The Independent's appeal is to be congratulated. In particular, the article about the young Palestinians and Lebanese who are negotiating a very complicated milieu in Lebanon gives us hope for the future ("Rappers who speak their mind in the name of peace", 18 December).
Over the past 12 months I have been in Beirut six times working with the Palestinian refugees whose conditions are described so graphically by Katherine Butler, and it is clear that young people there need a voice, an opportunity to express their hopes and aspirations. The refugee camps are stifling in the physical sense, but there is a tremendous amount of creativity just waiting for an outlet.

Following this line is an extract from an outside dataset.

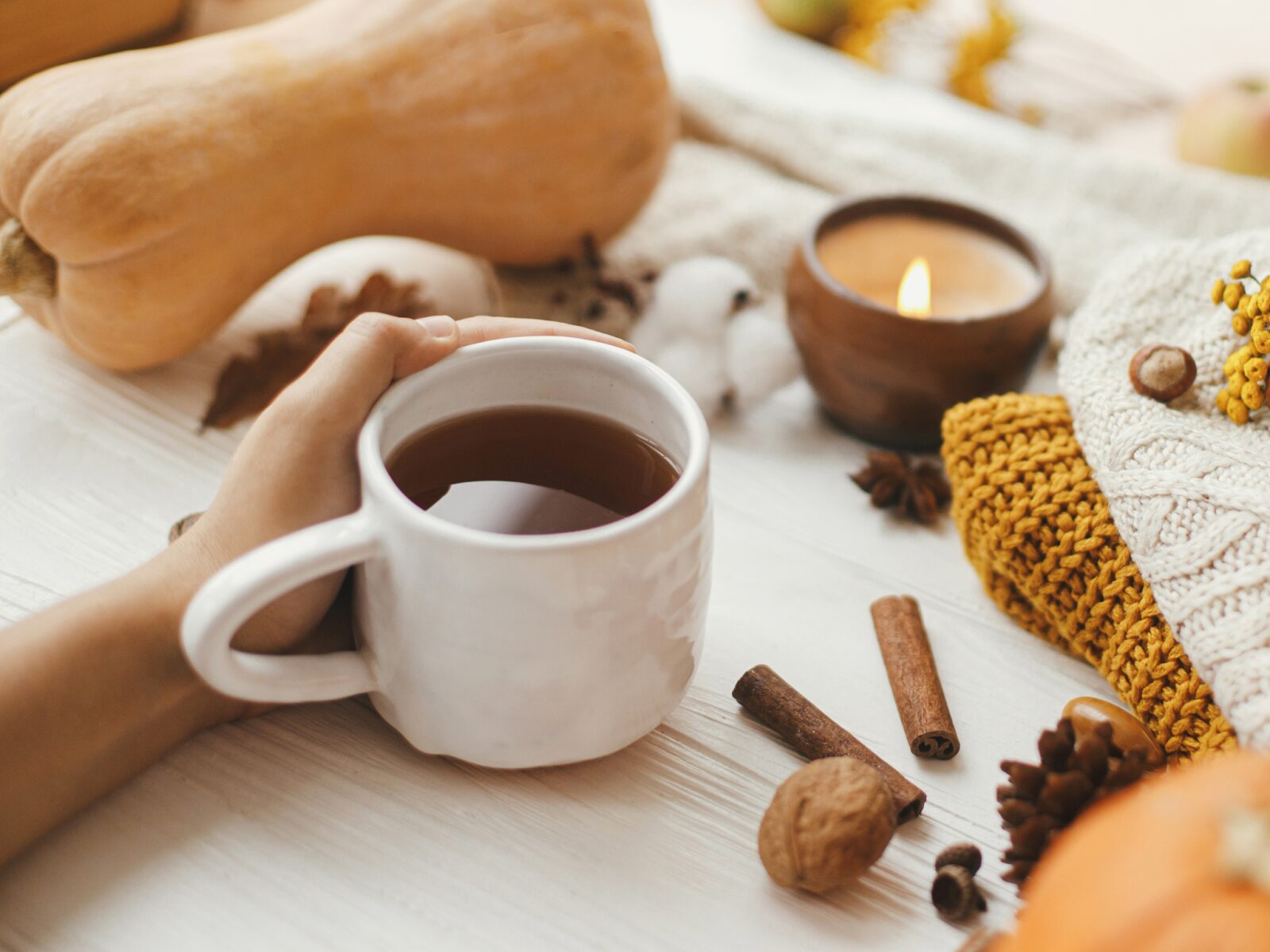 A hand holding a white mug full of coffee that’s sitting on a table with squashes, spices, knit sweaters, and a candle on top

Earlier this year, the British actor-director David Morrissey led a team of actors holding a five-day drama workshop for Palestinian teenagers from camps across Lebanon. Held at the request of the UN Relief & Works Agency (UNRWA), the workshop saw young people travelling daily (and those who know Beirut's traffic will know that this is no mean feat) to a school adjacent to Shatila refugee camp in south Beirut. It culminated with a performance in front of family, friends, UNRWA officials and, I'm pleased to say, the British ambassador to Lebanon, Frances Guy.
The students were given free rein to develop their own performance topics and some opted for a fantasy on "If Palestine was free, I'd . . ."; others worked on morality plays. All saw the week as an opportunity to break out of what is a very staid and rigid education system (think Britain in the Fifties and Sixties) and learn in an exciting and vibrant way.
Giving such youngsters a voice, and an opportunity to let that voice be heard, is essential if the anger is to dissipate and their undoubted energy is to be channelled towards positive community and inter-community activities. I hope The Independent's appeal is a huge success.